Top of Information supplied

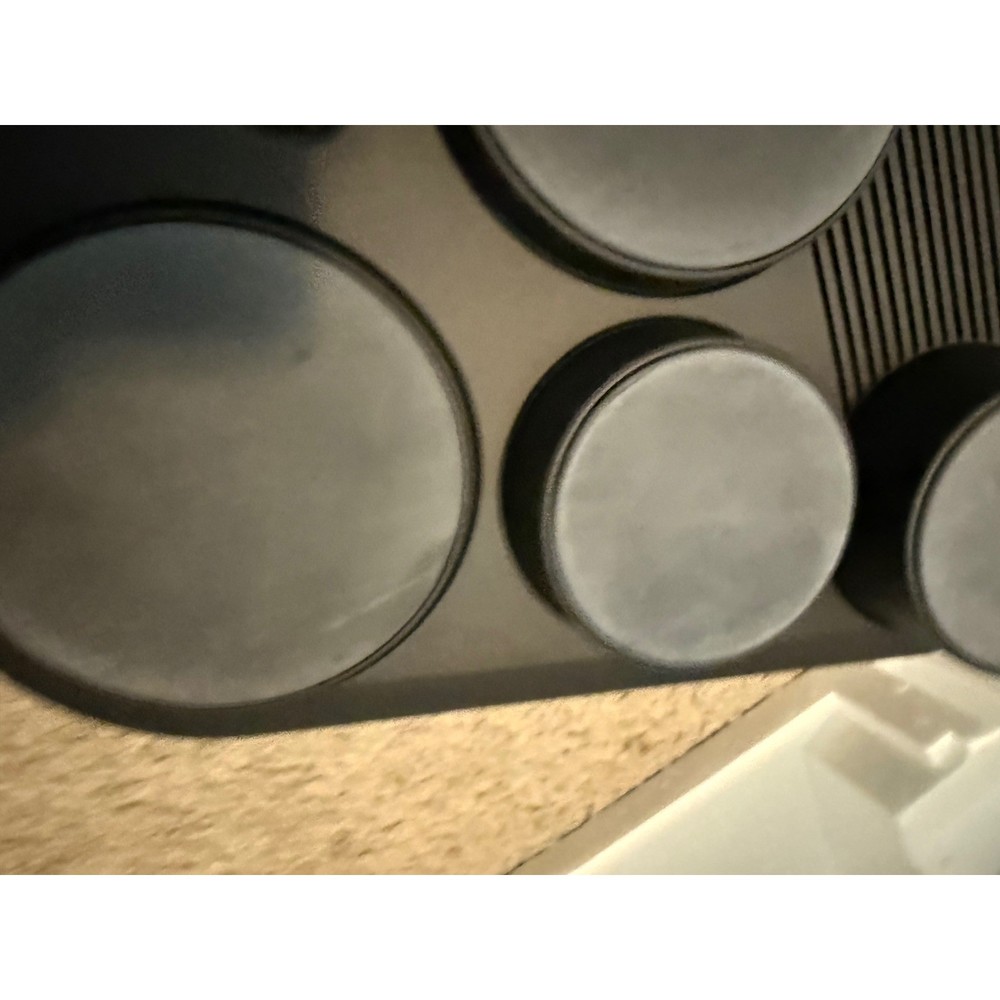 Yamaha DD75 Digital Percussion Drum Set with Sticks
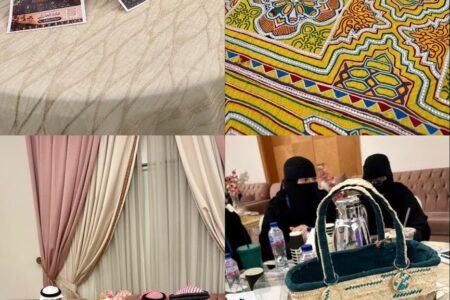 من الحرفة إلى الكلمة ومن الكلمة إلى الإبداع مديد يفتح مسارات جديدة للتراث في الطائف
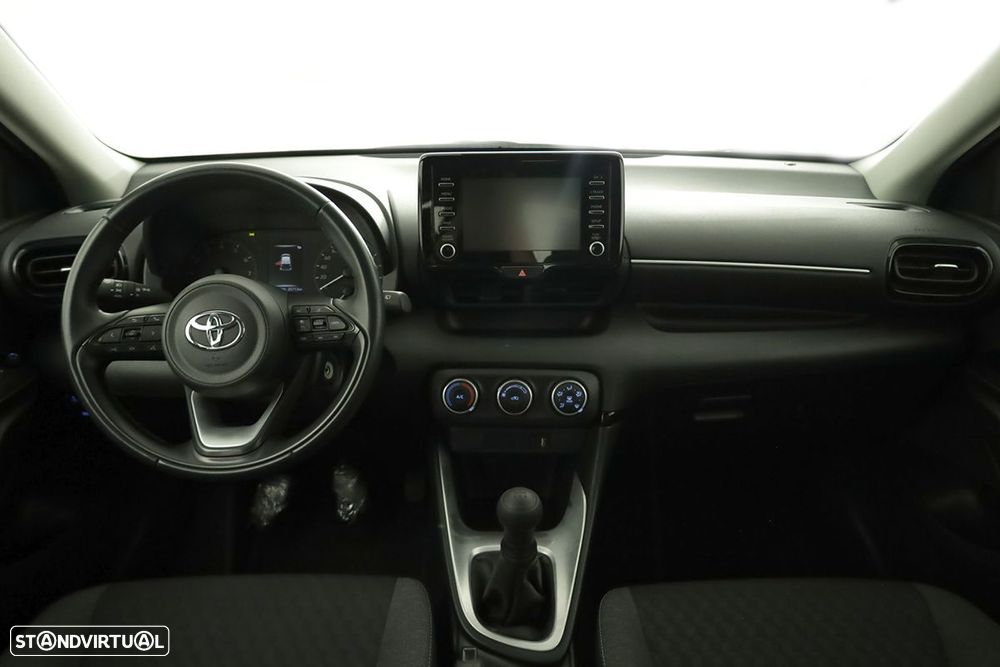 Toyota Yaris 1.0 VVT-i Comfort Plus - 7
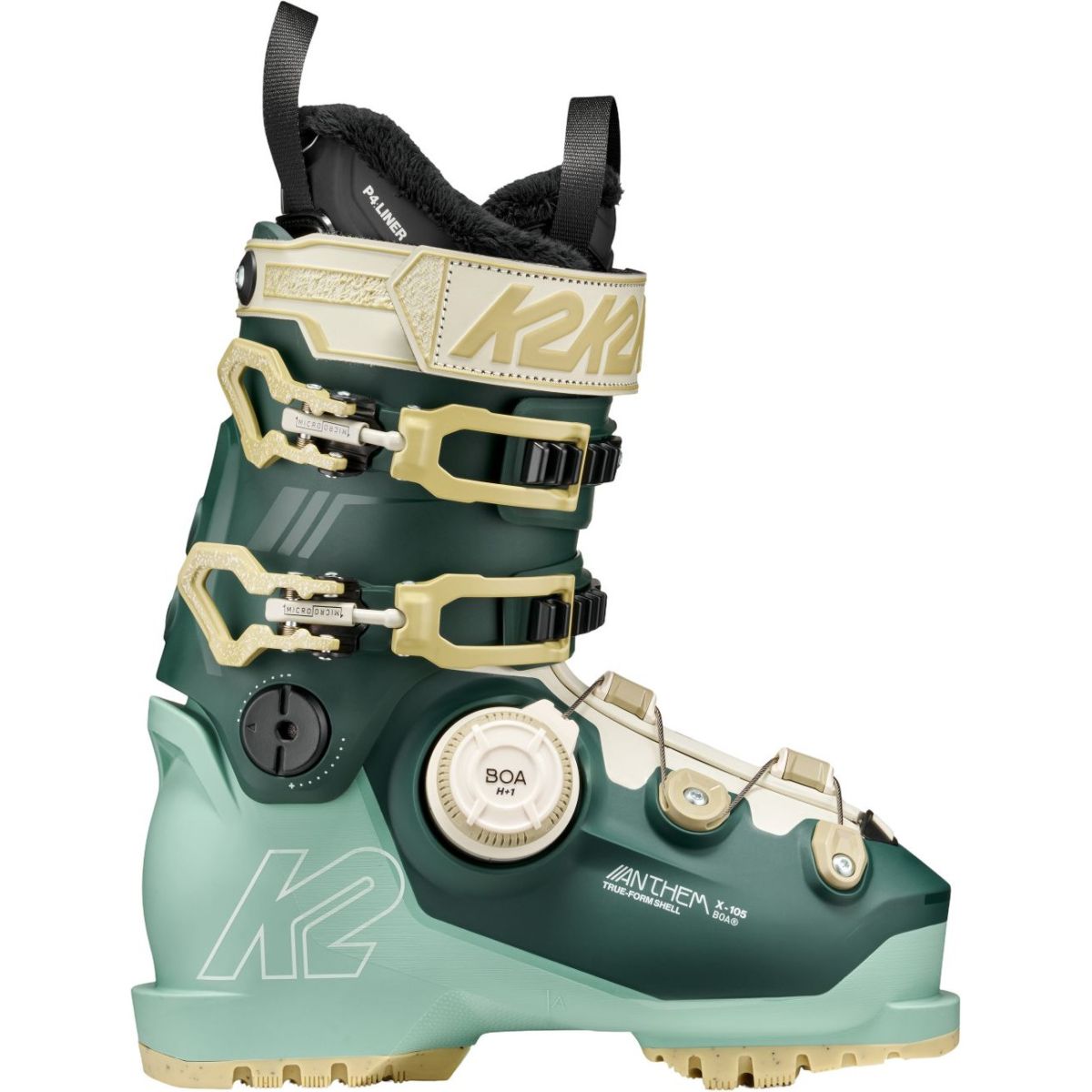 Lyžiarky K2 Anthem X-105 BOA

Bottom of Information supplied

Leave out the images and copy all remaining data word for word.

**Solved problem**
 Yamaha DD75 Digital Percussion Drum Set with Sticks
 من الحرفة إلى الكلمة ومن الكلمة إلى الإبداع مديد يفتح مسارات جديدة للتراث في الطائف
 Toyota Yaris 1.0 VVT-i Comfort Plus - 7
 Lyžiarky K2 Anthem X-105 BOA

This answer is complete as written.